How to Use Your Smart Thermostat to Stay Cool This Summer

If you’re one of the growing numbers of families that has installed a smart thermostat, your household is probably overjoyed that you made the investment when this hot and sticky time of year rolls around.

With temperature controls at your fingertips or even through voice control, you can adjust the ambiance of your home from afar, thus always keeping it cool when you need it!

Smart thermostats are smart on their own, but with a little ingenuity, you can harness their power to get even more out of them in terms of comfort and savings. Revience, your Eden Prairie provider of advanced home automation solutions, has a few tips below.

Recommended Temperature Settings

Cooling your home is all about balancing your comfort level with the energy cost. The colder you want it, the more expensive it gets. But experts have weighed in with what they think is the sweet spot for well-balanced summer temperature control.

The consensus is to set your thermostat to 78°F while you’re home and bump it up to 85 - 88°F when you leave your house for at least a few hours. Just doing this alone can save you up to 10% on cooling costs while still maintaining a comfortable temperature in your home all summer.

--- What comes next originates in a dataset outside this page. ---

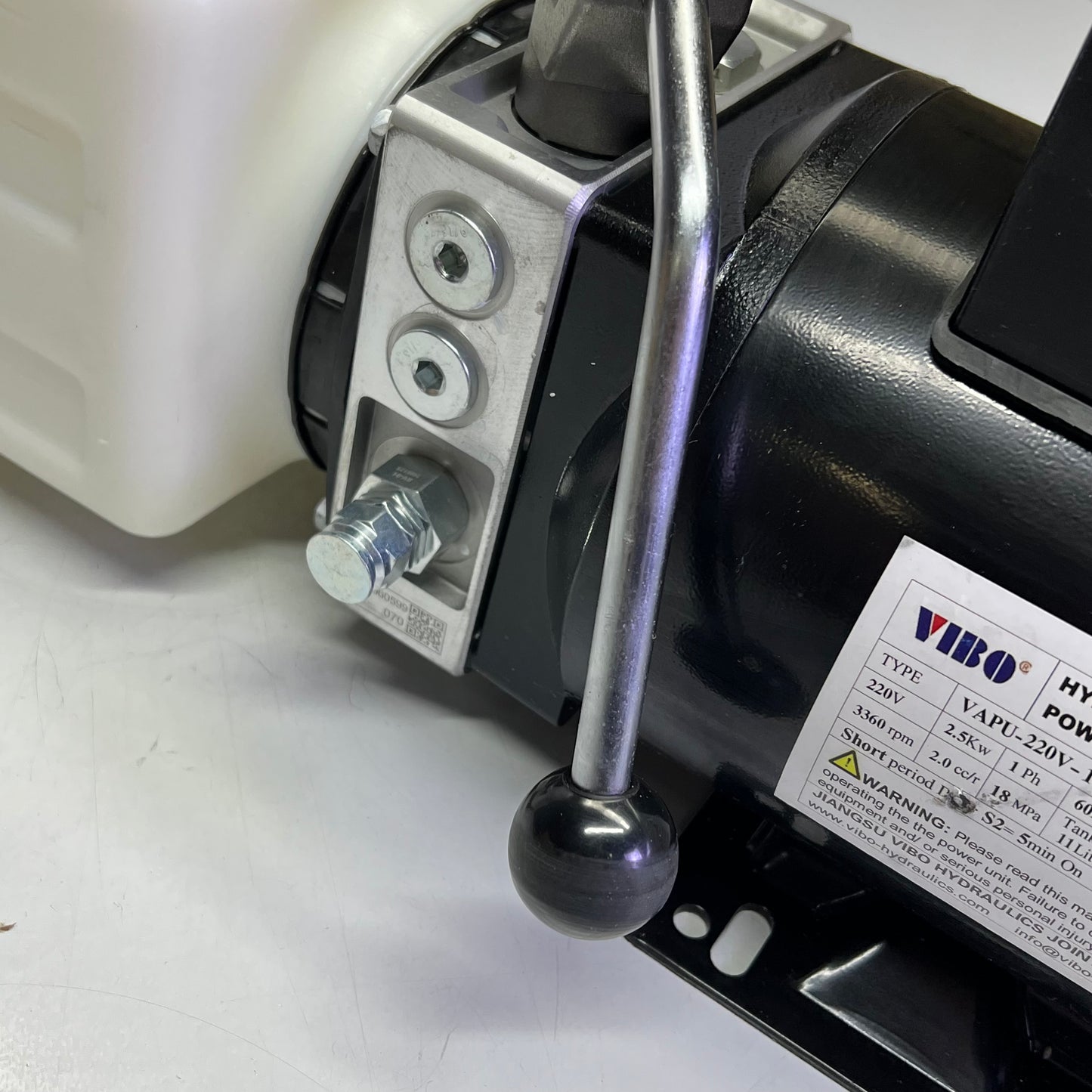 VIBO Hydraulic Power Unit 3360rpm 11 Liter Tank 200 V 60 Hz Black VAPU-220V-11L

Benefits of a Smart Thermostat

With a smart thermostat, keeping your cool while saving money has never been easier. Trying to keep track of when to adjust your thermostat to save the most money or remembering to change the setting whenever you leave or return gets complicated. So, choose the simpler option: program your thermostat for each season and let it control the savings for you.

Preset Temperatures

Preset your thermostat to automatically adjust the temperature when you leave your house for work each day and cool down again when you come home. You can even set it to prepare for your arrival by scheduling it to start cooling your home a few minutes before you arrive so your space is at the perfect temperature as soon as you walk through the door.

App Controls

When your schedule changes, use the smart controls on your phone or tablet to control your thermostat from anywhere. Before you head home, tap a button to start up your AC and enter a cool, comfy home.

Smart Home Sensors

If pushing buttons is still more than you want to hassle with, you can program some smart home systems to observe when you’re home or not, and they will control the indoor temperature for you based on your location.

Essentially, your smart home can save you money on energy by only using power when you’re around and need it.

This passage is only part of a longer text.